Goraždevac (Гораждевац, Gorazhdevc or Kastrat/Kastrati) is a village near the city of Peja in Kosovo. It has been inhabited since at least the thirteenth century, when it was mentioned in the chrysobull of Stefan Nemanja (or his son, Stefan the First-Crowned).

==History==
During World War II, 47 Serbs and Montenegrins were killed in the village in 1941 by Albanian paramilitaries. As a Serb-inhabited enclave in a heavily Albanian-inhabited region of western Kosovo, Goraždevac has been the scene of ethnic tensions between the two communities. It was the scene of attacks by the guerilla group, the Kosovo Liberation Army, in the late 1990s as they fought the Serb military forces, accused of committing atrocities against the Albanian population. After the end of the Kosovo War in June 1999, many of its population of around 2,000 Serbs fled attacks by Albanian militants, though some later returned. The population today is said to be around 850 people.

In June 2003, Veselin Besović from Goraždevac was sentenced by an international court in Peja to serve seven years in prison for crimes allegedly committed in the villages of Čuska and Zahać. He has appealed.

According to the 2011 census in Kosovo, the village had 570 people, of whom 255 were Serbs (44.7%), 148 were Albanians (25.9%), 139 Roma and Egyptians (24.4%), 26 Bosniaks (4.6%) and 2 others. The census was partially boycotted by the Serb population.

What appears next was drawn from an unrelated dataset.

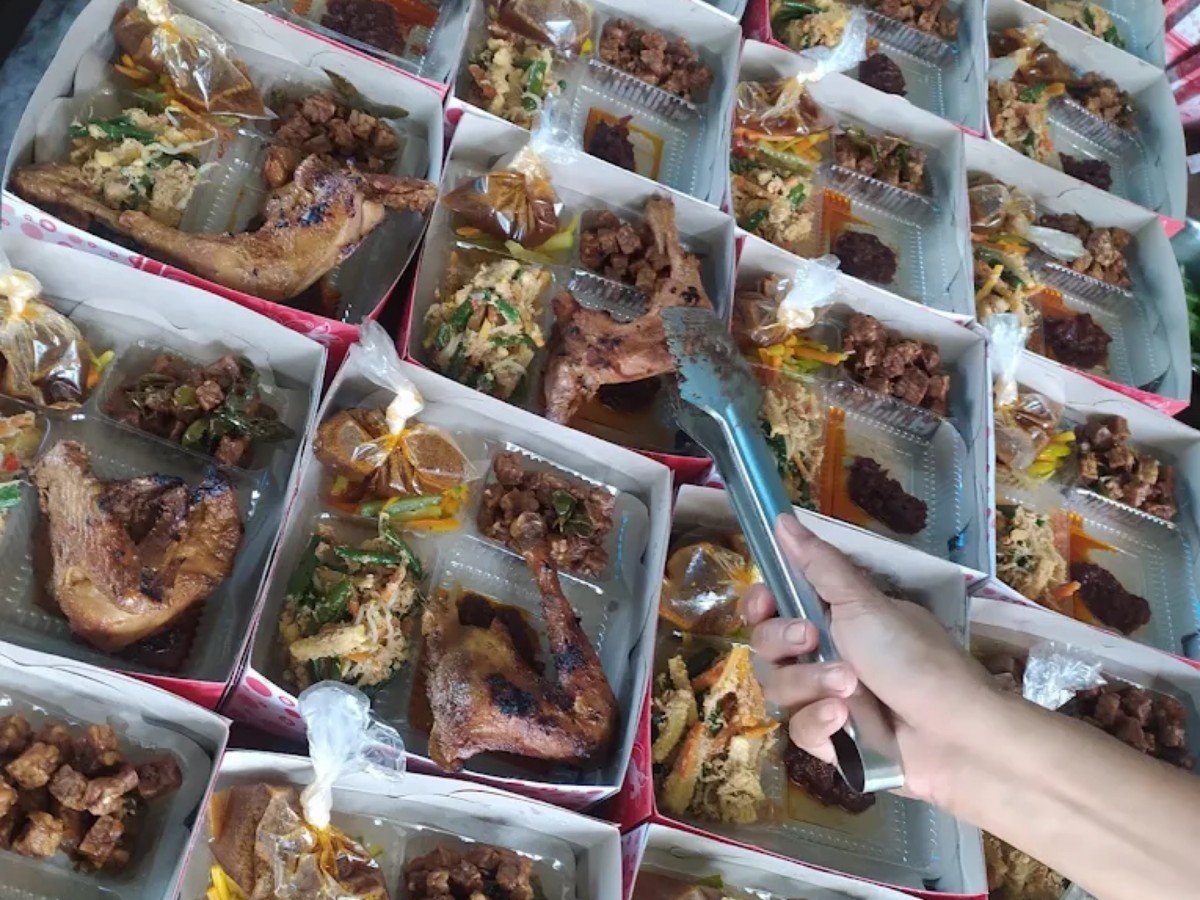 Opor & Belut Mbak Ana di Desa Tegalmlati, Kecamatan Petarukan, Pemalang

===2003 Goraždevac murders===

Goraždevac, a village in Kosovo, has faced repeated attacks from unidentified Albanian assailants since the Kosovo War ended. The village is one of several Kosovo Serb enclaves that receive continuous protection from KFOR troops. In August 2003, a 19-year-old Serbian teenager and a 12-year-old boy were killed, with four more children wounded, with fire from automatic rifles, while swimming in the Bistrica near Goraždevac. This attack occurred shortly before 200 Kosovo Serb refugees were set to return to their homes. However, the return plans were abruptly halted due to the incident. The culprits remain unidentified.